* ABOUT THIS EXERCISE
Would you please copy every line below that includes the string "click"?

:: EXERCISE MATERIAL ::

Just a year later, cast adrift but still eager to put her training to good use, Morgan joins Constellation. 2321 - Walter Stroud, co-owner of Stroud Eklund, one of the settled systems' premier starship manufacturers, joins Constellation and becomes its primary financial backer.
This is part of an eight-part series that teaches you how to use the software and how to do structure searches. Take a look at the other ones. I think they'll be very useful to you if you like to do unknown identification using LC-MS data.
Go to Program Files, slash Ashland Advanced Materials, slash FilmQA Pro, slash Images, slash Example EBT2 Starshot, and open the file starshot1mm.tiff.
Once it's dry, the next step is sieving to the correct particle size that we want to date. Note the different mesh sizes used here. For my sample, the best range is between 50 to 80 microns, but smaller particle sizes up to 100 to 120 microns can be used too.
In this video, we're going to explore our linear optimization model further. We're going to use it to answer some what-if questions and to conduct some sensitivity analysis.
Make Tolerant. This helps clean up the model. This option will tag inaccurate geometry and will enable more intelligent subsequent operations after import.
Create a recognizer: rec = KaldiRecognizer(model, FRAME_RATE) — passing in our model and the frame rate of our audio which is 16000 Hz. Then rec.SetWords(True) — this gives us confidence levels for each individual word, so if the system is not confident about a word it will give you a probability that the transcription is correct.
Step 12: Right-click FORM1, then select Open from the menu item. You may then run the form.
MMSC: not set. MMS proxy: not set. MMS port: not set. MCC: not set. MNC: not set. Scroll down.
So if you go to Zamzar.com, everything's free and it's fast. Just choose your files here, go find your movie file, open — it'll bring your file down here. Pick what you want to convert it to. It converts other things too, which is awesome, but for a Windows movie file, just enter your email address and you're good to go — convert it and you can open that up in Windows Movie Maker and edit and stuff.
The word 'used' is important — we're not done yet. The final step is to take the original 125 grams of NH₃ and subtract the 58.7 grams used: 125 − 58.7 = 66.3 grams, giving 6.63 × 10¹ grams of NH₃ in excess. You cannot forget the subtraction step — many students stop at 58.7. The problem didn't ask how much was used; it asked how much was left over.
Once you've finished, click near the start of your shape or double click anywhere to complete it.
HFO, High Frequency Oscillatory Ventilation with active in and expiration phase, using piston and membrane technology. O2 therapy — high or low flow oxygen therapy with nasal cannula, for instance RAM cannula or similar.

:::

* ANSWER FOR THE TASK
Step 12: Right-click FORM1, then select Open from the menu item. You may then run the form.
Once you've finished, click near the start of your shape or double click anywhere to complete it.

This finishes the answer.